= Beginning of Section =
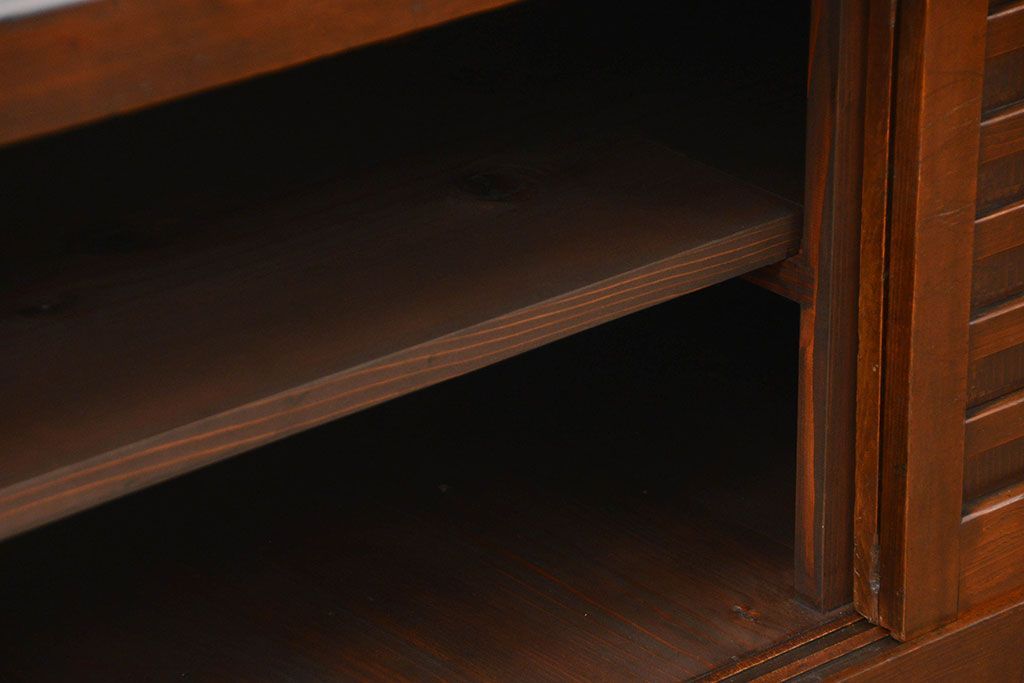 アンティーク家具　アンティーク 昇り引き出し付きの収納箪笥サイドボード(水屋箪笥)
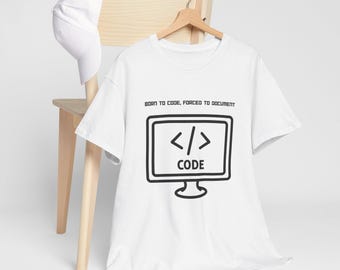 Puede incluir: Camiseta blanca con un gráfico negro de un monitor de computadora con el texto "BORN TO CODE, FORCED TO DOCUMENT" y "CODE" debajo del monitor.
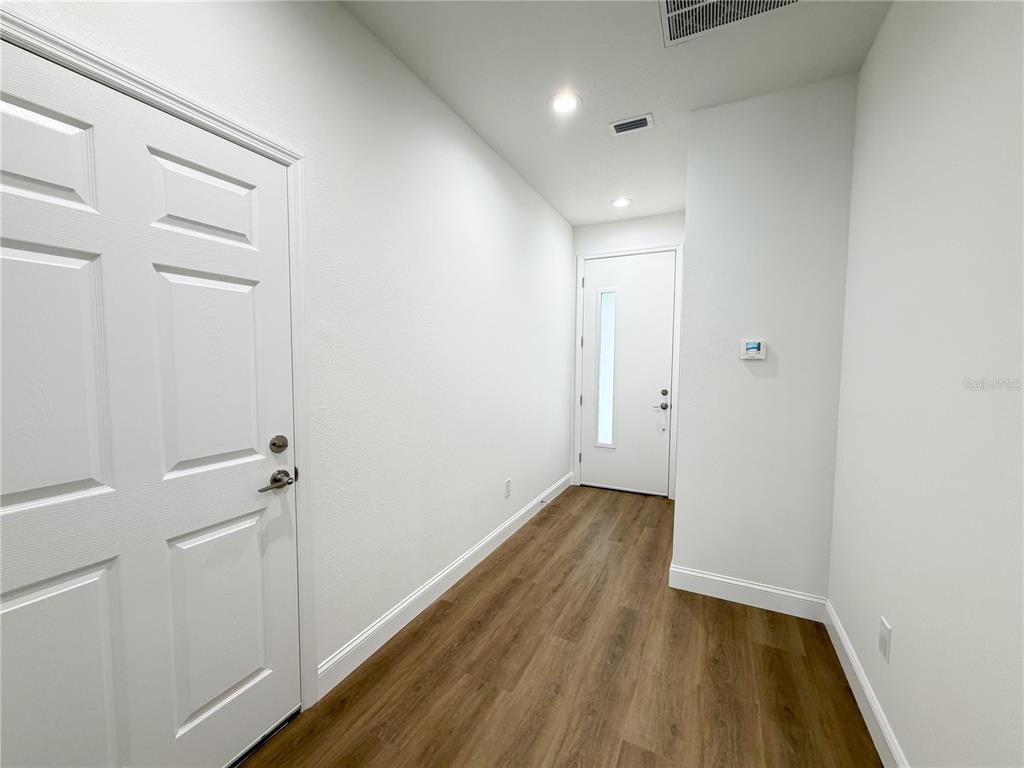 1803 E 23RD AVENUE, TAMPA, FL — photo 4 of 25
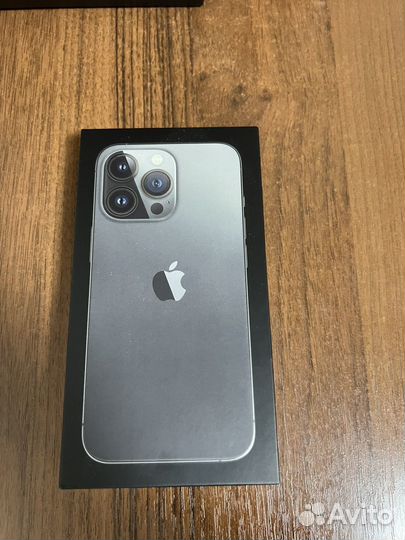 Телефон iPhone хр в корпусе 13 про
= End of Section =
**Exercise aim:** What is needed is an exact copy of the data, without any pictures.

**Written response:**
 アンティーク家具　アンティーク 昇り引き出し付きの収納箪笥サイドボード(水屋箪笥)
 Puede incluir: Camiseta blanca con un gráfico negro de un monitor de computadora con el texto "BORN TO CODE, FORCED TO DOCUMENT" y "CODE" debajo del monitor.
 1803 E 23RD AVENUE, TAMPA, FL — photo 4 of 25
 Телефон iPhone хр в корпусе 13 про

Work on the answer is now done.